Nécessité d'un soutien sans faille de l'UE à l'Ukraine, après deux ans de guerre d’agression russe contre ce pays (débat)
Monsieur le Président, Mesdames et Messieurs, le message envoyé par le Conseil européen la semaine dernière était très clair: un soutien financier à long terme à l’Ukraine est essentiel. Mais le plus important, bien sûr, est que des armes et des munitions soient fournies afin que l'Ukraine puisse gagner la guerre. Après presque deux ans de guerre, certains pays ont prononcé plus de discours que d'armes. La volonté politique de continuer à fournir des armes et des munitions existe dans presque tous les États membres, mais la mise en œuvre échoue. Promettre un million de grenades est plus facile qu'ils ne livrent réellement. Les avions de combat F16 doivent être livrés et l'Ukraine a encore trop peu de Patriots pour sa défense aérienne. Il reste – je suis désolé de le dire – trop peu, trop tard. Il est urgent de mettre en place une véritable Union de la défense, dotée d’acquisitions conjointes et d’une industrie européenne de la défense forte. Et enfin, et je le répète, une armée européenne. Le premier ministre Winston Churchill l'a demandé en 1950. Pouvons-nous travailler là-dessus très rapidement?
Conclusions des réunions du Conseil européen, en particulier la réunion extraordinaire du Conseil européen du 1er février 2024 (débat)
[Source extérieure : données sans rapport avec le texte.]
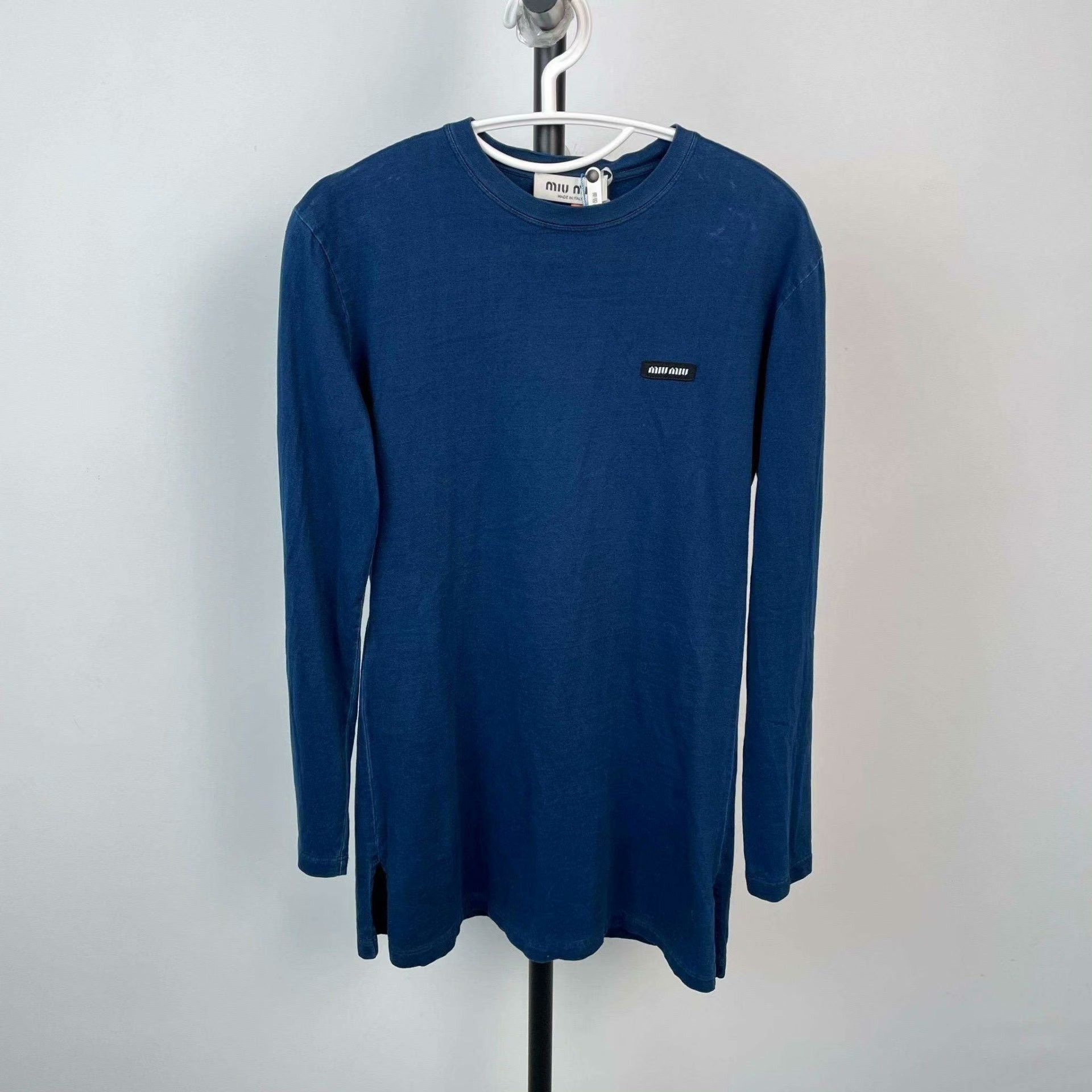 Miu Miu Miu Miu Blue Sweater 26 Women Size XS / US 0-2 / IT 36-38 - 1 Thumbnail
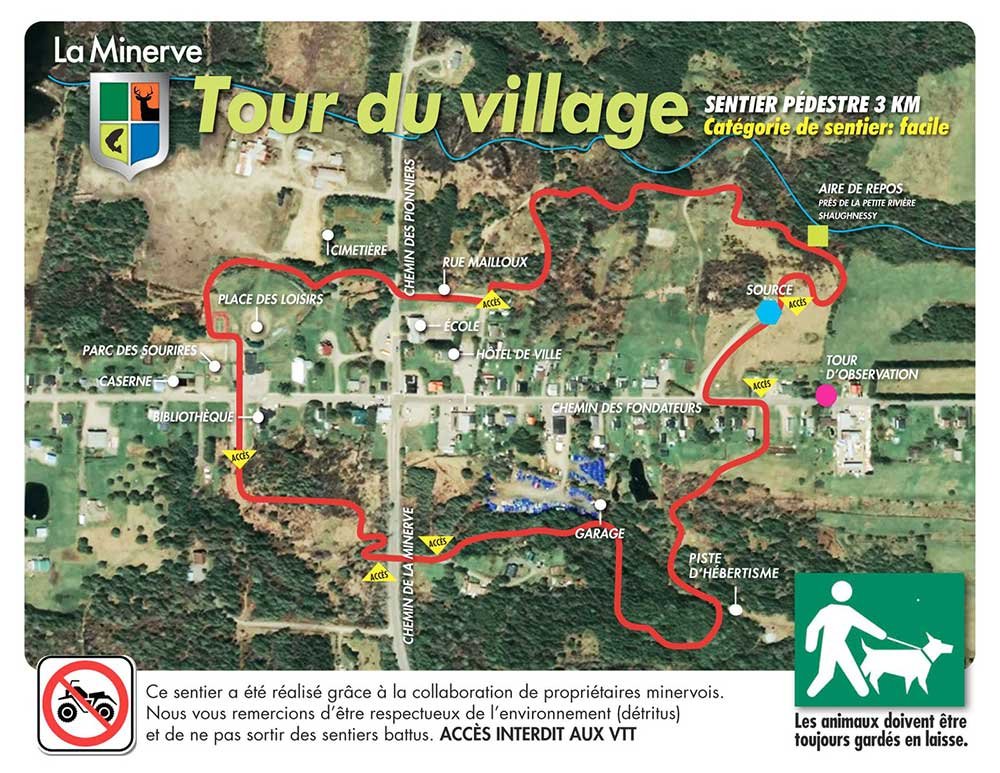 La Minerve sentier Tour du village 2024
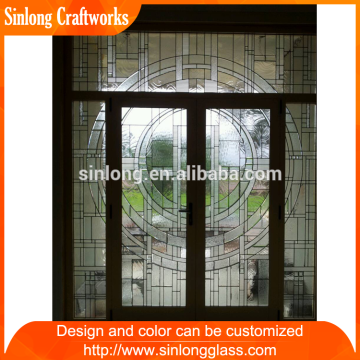 stained glass door panel inserts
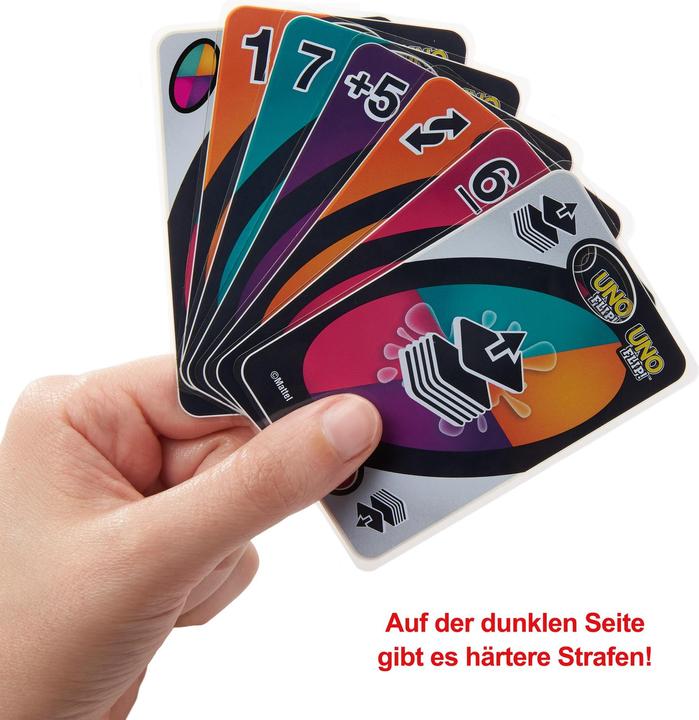 Actual product image Mattel Games UNO Flip Splash (French, 2 - 10 Players)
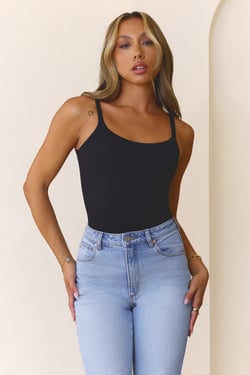 BASE Luxe Rib Weekender Cami Top Black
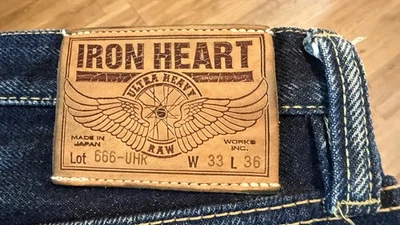 ✅ Mサイズ｜IRON HEARTヘビーインディゴ硫化14ozデニムジーンズ Iron Heart Cotton Jeans for Men for sale | eBay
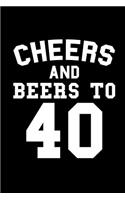 Cheers and Beers to 40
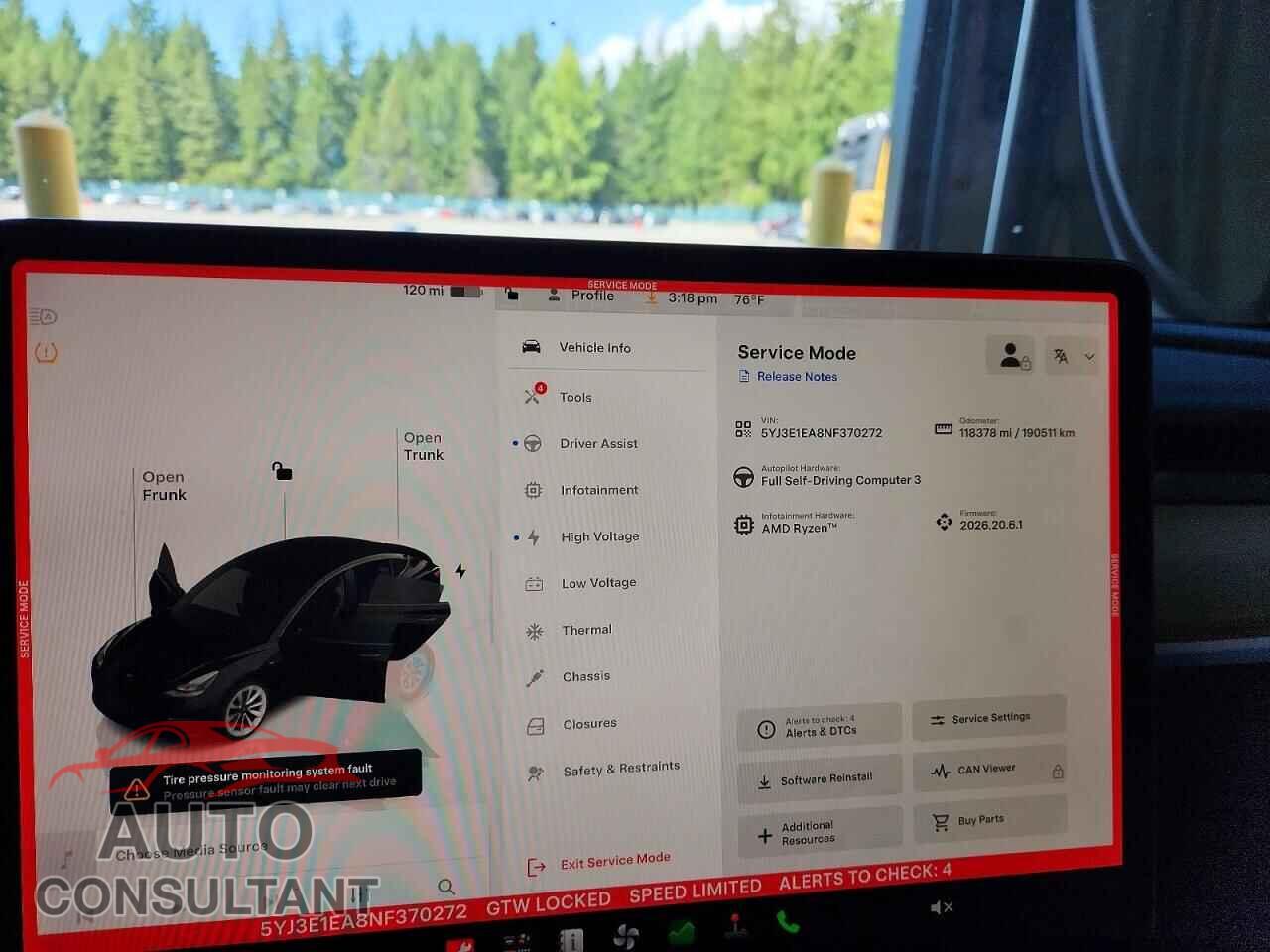 TESLA MODEL 3 2022 - 5YJ3E1EA8NF370272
Monsieur le Président, Monsieur le Commissaire, Monsieur le Président, il est très bon que nous ayons fait preuve d'unité dans notre soutien à l'Ukraine. C'est crucial pour notre sécurité européenne. Notre pression a clairement porté ses fruits, car, Conseil et Commission, vous n'avez pas cédé au chantage d'Orbán. Je suis également très heureux que vous ayez écouté les besoins de nos agriculteurs. L'Europe assume clairement ses responsabilités à cet égard. Aujourd’hui également, j’entends une présidente très forte de la Commission, Ursula von der Leyen, parler de ce dialogue stratégique. Mais le temps presse. Nous avons besoin de résultats tangibles. Un millier d’agriculteurs par jour disparaissent en Europe – un millier d’agriculteurs par jour disparaissent en Europe. Notre Premier ministre belge Alexander De Croo a également écouté les agriculteurs. Il a promis de travailler avec la présidence belge sur un plan en 10 points pour réduire cette charge administrative. Je les appelle très vite: effectuer une analyse d'impact des lasagnes de toutes les lois imposées aux agriculteurs; la suppression de cette zone de gel obligatoire de 4 %; oser réfléchir au regroupement de ces zones protégées; et, bien sûr, les accords commerciaux: les produits importés doivent respecter les mêmes exigences strictes que celles que nous avons fixées pour nos agriculteurs. Faisons preuve de respect pour les paysans et laissons les réserves paysannes survivre en Europe. Je voudrais vous donner notre plan en dix points, basé sur mes conversations avec les agriculteurs de Truiense, du Limbourg et de la Flandre.